The Rosett Report

With a Nod to Orwell and Kafka, How About a Get-Real UN Web Site?

We’ve hit another of those seasons in which it’s simply getting hard to keep track of the UN scandals, outrages, hypocrisies, chronic nonsense and spectacular failures of the moment — between the allegations of Guns-for-Gold, Cash for Kim, diamond smuggling in Zimbabwe, fraud at the World Meteorological Association, the recent conviction of the head of the UN budget oversight committee for laundering kickbacks in cahoots with a UN procurement officer, the current bribery trial of another UN procurement officer, the lingering and massive questions still surrounding Oil-for-Food; as well as Zimbabwe heading the Commission on Sustainable Development, Iran re-elected to the Disarmament Commission, the obscene and useless “reformed” Human Rights Council, and the rolling series of peacekeeper sex scandals. Plus, of course, the chronic failures to help North Korean refugees or stop the genocide in Sudan — and, naturally, the gross failure to prevent North Korea from getting the nuclear bomb and Iran from pursuing it full tilt.

If you go to the official UN web site, it’s not much help in getting a handle on all this. Today I was browsing through the highlights in which the UN is busy condemning, urging, promoting, responding, you-get-the-idea, including such announcements as “Sport Can Produce Valuable Results in Development and Peace — UN Official” (the sports nuts of the dictator brat pack come to mind; for instance, Leo Mugabe, Seif Qaddafi and the late Uday Hussein).

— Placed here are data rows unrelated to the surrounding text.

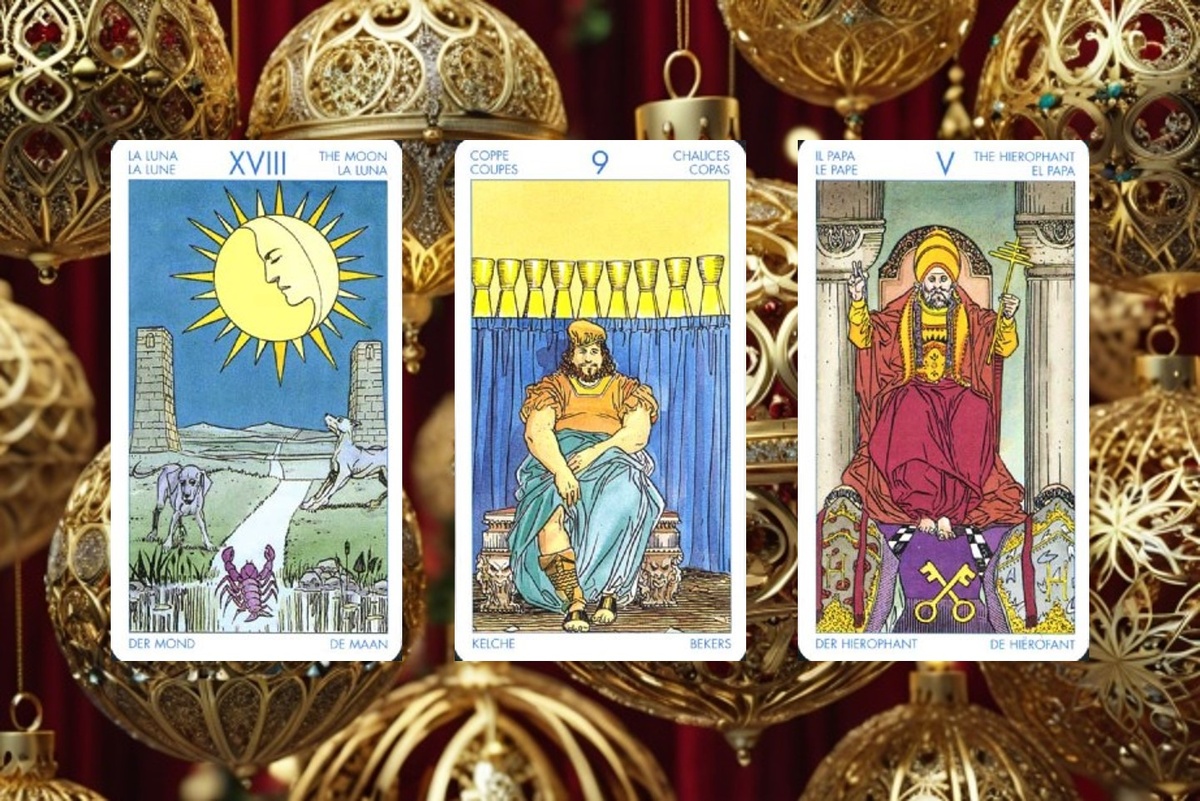1. Луна. 2. 9 Кубков. 3. Иерофант.
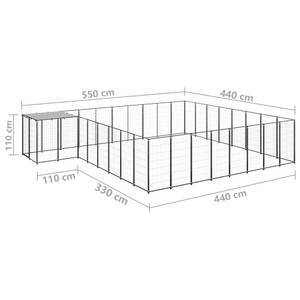 Hundekäfig 3011847 Schwarz - Tiefe: 550 cm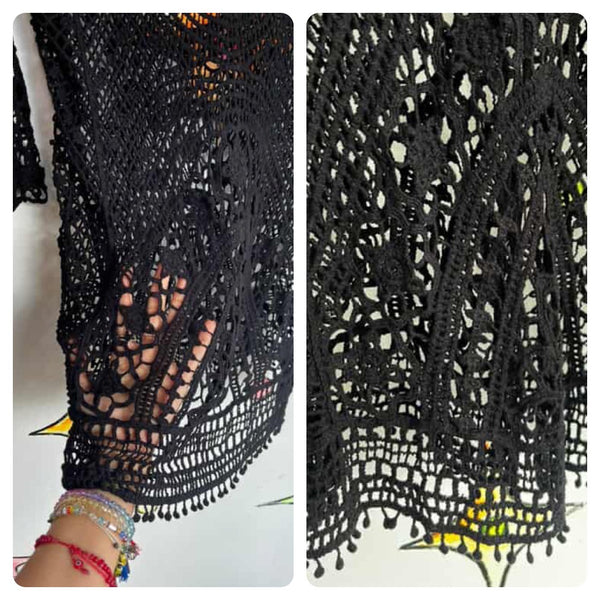 Vintage Black Crochet Mini Dress / Top – Open Back Whimsy Goth Boho Grunge – S M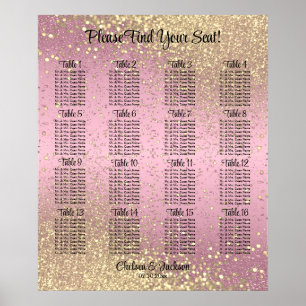 Pink and Gold Confetti - 16 Seating Chart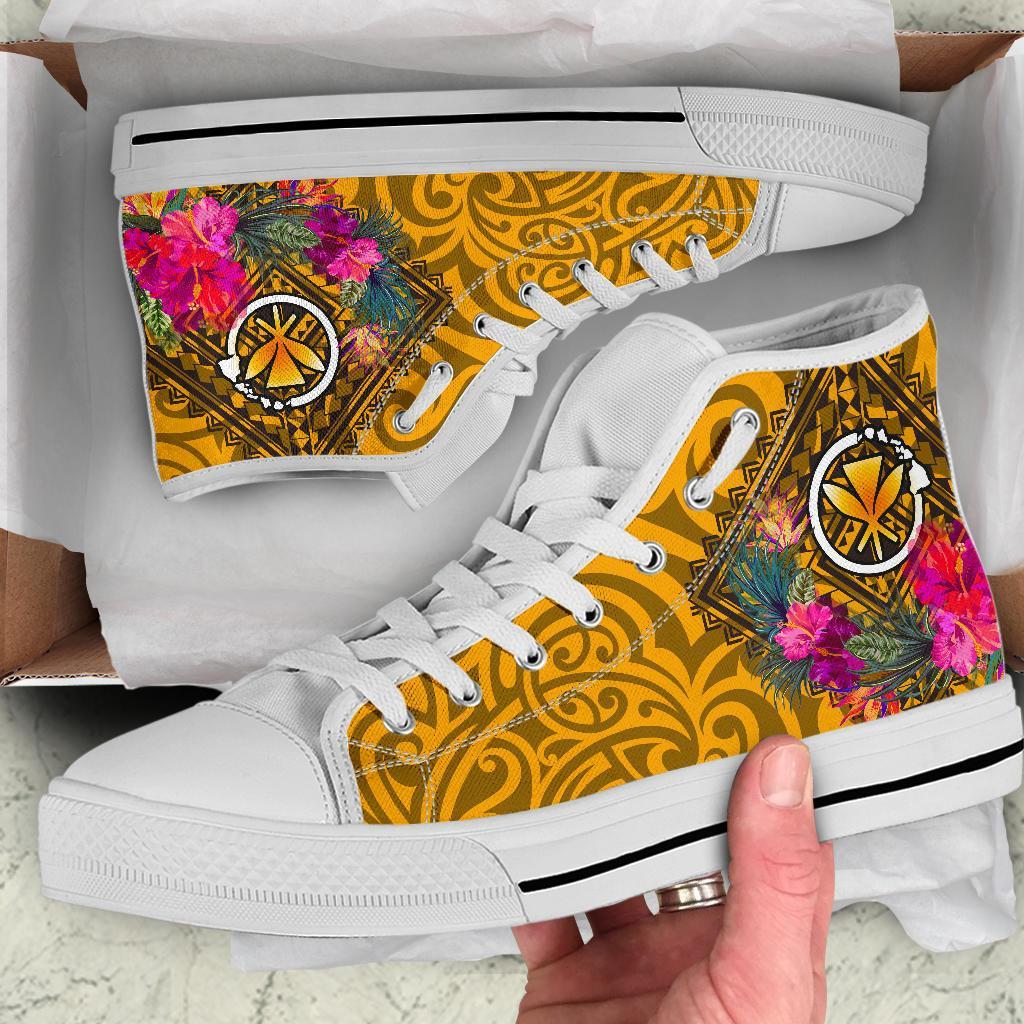 Hawaii High Top Shoes - Kanaka Maoli With Hibiscus On Polynesian Patterns (YELLOW) Unisex White - Polynesian Pride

While we should perhaps give credit that the UN with its $85 million-plus annual budget for public information has chosen thus to honor the visions of George Orwell, or perhaps Franz Kafka, there is a need for a web site that does a better job of organizing the UN news of the day. We already have one terrific resource, Eye on the UN , which provides documents and commentary (disclosure: this includes some of my own articles). But there’s still room for a site that breaks down the latest developments into basic categories, easy to follow — for instance, “Sustainable Sex Scandals,” “Cover-Ups in Progress,” “Bribery and Kickback Cases,” “Failed Resolutions to Contain Rogue States” (maybe these should also be made available in tastefully printed boxed sets) and “Hypocrite of the Week.”

Lest that sound negative, there should also be a section devoted to genuine good works and real heroes. The pity, of course, is that there are good people within the UN system — many of them much distressed by what goes on around them — but they work for an institution that is in violation of the same human rights standards to which it gives lip service, and if you add a section praising them by name — “Honest Defenders of the UN Mandate” — they’d be at risk of losing their jobs.